ただ、竹細工にしろ、わら細工にしろ、もともとは各家庭で作ってきたもの。その中で、名人と呼ばれる人たちの創る物は、機能美のほかに美しさも兼ね備え、現在では工芸品として美術館に飾られたりもします。
そして、“ハンドメイド”とは、手作りの品の総称。家族のために、友人のために手作りする品もハンドメイド作品。工芸品も手仕事で創った物は、ハンドクラフトと言いますから、ハンドメイドに含まれるでしょう。
クリエーター≦工芸家
では、工芸家とクリエーターは違うのでしょうか。綾の工芸家たちは、どちらかというと“職人”であろうとします。
クリエーターも職人も、材料にこだわり技術を極めていくとか、お客さまを考えて仕上げをするとか、多くの共通する部分があります。考えれば考えるほど、違いが分からなくなるほどです。
では、クリエーターではない工芸家は存在するのでしょうか。答えは“YES”。
綾町工芸コミュニティ協議会には、現代の名工が3人います(2021年7月現在)。その中の一人、熊須碁盤店の 熊須健一 氏は、3度目の正直で現代の名工になりました。
素晴らしい逸品を作っているのに、どうして名工になれないんだろうと不思議に思い、尋ねたことがあります。その答えは、
「僕らは美術展とかに出せんかい(出せないから)、そういう権威の評価がないとよ。昔の名品にどれだけ近づけて作れるかじゃかいね」
碁盤や将棋盤というのは、“型どおり”に作るのが要求されます。決してクリエーターになれない工芸家がここにいます。

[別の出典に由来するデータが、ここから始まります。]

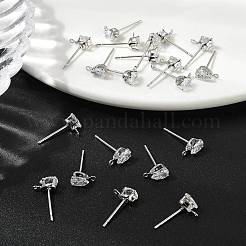 Shegrace Ohrstecker-Verschluss aus Messing mit klarem Zirkonia in Tropfenform&nbsp;XGR0104P-116P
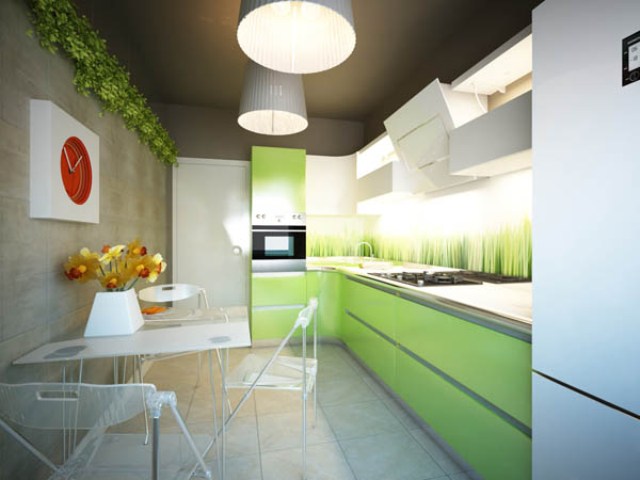 дизайн кухні в зеленому кольорі_3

考えれば、染織家も陶芸家も昔ながらの型や技法を取り入れつつ、ゆとりの部分で創造(クリエイト)しているに過ぎません。
基本の型をひたすら作り続けられる人が、工芸家、職人と言えるのでしょう。
綾町の工芸品はハンドメイド(手仕事)です。
綾町工芸コミュニティ協議会には40ほどの工房が参加していますが、すべてが手作りをする工房です。
これは、前身のひむか邑が大量消費に背を向け、自然の中で人の手が作り出せる物にこだわったというのが大きいでしょう。
その工房が一堂に介する「綾工芸まつり」は、最近はやりのハンドメイドマーケット、クリエーターズマーケットの先駆けといってよいかもしれません。
毎年変わらない定番品から、クリエイティビティなものまで、見て歩くだけでも楽しいものです。
工芸品は、モダンにもナチュラルにも生活をお洒落に楽しく彩ってくれるものばかり。
ただ楽しむだけでなく、工芸の“へぇー!そうなのか”を本HPで伝えてまいります。